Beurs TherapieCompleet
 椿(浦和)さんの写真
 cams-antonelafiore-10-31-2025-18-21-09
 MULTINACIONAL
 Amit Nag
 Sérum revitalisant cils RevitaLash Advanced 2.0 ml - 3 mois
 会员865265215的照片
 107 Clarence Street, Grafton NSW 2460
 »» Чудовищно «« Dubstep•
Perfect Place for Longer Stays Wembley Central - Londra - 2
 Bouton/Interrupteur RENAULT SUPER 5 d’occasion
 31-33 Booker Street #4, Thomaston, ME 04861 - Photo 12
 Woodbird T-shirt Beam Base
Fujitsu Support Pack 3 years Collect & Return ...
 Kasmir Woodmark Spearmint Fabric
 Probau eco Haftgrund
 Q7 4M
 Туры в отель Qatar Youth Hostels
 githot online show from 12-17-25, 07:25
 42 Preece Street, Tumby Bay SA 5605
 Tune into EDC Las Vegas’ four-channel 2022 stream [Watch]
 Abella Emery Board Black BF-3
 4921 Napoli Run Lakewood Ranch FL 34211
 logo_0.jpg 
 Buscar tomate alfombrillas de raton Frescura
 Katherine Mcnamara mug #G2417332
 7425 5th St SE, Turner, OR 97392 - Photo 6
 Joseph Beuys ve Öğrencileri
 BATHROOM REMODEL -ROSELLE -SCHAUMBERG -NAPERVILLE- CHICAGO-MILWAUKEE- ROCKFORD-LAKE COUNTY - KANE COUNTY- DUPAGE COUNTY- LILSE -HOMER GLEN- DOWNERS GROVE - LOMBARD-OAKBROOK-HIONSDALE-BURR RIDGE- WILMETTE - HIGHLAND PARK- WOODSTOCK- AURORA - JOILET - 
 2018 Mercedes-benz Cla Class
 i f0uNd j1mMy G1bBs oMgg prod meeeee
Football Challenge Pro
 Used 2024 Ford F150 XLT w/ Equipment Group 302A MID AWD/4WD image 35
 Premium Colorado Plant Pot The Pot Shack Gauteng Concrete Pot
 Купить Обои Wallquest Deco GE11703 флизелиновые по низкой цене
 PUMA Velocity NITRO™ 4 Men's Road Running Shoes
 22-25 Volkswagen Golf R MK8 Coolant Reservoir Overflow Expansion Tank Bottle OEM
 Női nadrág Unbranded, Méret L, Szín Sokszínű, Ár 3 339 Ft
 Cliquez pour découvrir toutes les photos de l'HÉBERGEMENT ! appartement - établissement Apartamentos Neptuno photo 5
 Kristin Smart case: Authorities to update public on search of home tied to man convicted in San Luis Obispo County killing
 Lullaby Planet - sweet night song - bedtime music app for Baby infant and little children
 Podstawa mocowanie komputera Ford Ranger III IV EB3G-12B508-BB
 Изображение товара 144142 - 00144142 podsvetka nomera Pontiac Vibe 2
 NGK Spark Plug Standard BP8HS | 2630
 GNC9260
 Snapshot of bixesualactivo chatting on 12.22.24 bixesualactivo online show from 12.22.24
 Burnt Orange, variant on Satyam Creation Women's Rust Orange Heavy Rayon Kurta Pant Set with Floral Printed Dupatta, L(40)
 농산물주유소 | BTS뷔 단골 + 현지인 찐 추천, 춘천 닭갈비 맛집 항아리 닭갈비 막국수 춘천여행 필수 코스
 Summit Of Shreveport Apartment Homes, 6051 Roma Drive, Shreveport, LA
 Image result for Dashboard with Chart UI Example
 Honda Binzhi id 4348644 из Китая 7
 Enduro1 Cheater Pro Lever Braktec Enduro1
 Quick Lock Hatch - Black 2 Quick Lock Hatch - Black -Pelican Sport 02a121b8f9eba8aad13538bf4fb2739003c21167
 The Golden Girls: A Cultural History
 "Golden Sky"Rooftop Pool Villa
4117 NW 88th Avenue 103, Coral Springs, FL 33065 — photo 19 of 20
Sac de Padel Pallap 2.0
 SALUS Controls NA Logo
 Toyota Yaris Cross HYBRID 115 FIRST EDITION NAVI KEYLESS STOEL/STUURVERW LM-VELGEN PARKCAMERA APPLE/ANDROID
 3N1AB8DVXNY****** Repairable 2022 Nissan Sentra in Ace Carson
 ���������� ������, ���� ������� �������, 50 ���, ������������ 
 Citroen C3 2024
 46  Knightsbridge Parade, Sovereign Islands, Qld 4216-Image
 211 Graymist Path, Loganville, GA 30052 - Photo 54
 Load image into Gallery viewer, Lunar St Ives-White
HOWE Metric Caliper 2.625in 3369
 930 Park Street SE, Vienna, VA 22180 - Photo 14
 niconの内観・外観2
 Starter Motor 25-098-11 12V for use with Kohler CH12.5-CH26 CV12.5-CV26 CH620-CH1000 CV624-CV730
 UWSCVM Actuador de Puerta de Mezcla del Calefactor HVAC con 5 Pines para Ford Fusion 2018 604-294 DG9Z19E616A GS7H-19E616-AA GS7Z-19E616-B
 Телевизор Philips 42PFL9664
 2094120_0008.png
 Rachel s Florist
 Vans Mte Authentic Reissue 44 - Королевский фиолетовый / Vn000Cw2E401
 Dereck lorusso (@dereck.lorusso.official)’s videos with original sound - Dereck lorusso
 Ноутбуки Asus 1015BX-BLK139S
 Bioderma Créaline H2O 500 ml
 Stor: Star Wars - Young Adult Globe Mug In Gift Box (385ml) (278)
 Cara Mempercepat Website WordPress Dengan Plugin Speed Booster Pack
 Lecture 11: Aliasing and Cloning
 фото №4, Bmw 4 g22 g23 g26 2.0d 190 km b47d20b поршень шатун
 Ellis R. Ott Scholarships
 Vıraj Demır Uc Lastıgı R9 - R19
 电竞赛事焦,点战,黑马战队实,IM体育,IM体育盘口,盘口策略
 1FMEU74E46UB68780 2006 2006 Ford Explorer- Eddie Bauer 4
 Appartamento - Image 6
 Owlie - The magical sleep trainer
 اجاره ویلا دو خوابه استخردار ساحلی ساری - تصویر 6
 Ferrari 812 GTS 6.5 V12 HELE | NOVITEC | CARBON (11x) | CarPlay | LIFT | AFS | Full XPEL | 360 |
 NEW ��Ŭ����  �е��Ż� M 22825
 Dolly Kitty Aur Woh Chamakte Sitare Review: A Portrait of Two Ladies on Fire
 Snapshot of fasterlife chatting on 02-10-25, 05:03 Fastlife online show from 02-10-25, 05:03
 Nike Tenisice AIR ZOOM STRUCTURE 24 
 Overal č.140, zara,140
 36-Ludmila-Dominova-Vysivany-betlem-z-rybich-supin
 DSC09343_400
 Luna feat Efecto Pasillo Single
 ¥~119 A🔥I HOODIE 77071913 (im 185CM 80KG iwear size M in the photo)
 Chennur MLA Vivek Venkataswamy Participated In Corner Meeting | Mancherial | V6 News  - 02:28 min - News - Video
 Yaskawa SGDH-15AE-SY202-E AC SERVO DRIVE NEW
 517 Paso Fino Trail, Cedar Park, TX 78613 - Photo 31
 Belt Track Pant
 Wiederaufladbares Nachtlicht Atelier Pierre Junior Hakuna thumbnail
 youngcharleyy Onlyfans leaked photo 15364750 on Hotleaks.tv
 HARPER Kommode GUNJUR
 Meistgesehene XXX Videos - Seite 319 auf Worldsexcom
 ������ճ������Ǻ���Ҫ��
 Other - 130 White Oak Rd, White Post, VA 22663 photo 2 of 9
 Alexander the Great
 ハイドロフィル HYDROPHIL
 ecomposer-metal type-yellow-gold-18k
-------
## Task brief
With "from" as the string to match, show every line of the entries above that has it.

## Answer to the exercise
 githot online show from 12-17-25, 07:25
 Snapshot of bixesualactivo chatting on 12.22.24 bixesualactivo online show from 12.22.24
 Snapshot of fasterlife chatting on 02-10-25, 05:03 Fastlife online show from 02-10-25, 05:03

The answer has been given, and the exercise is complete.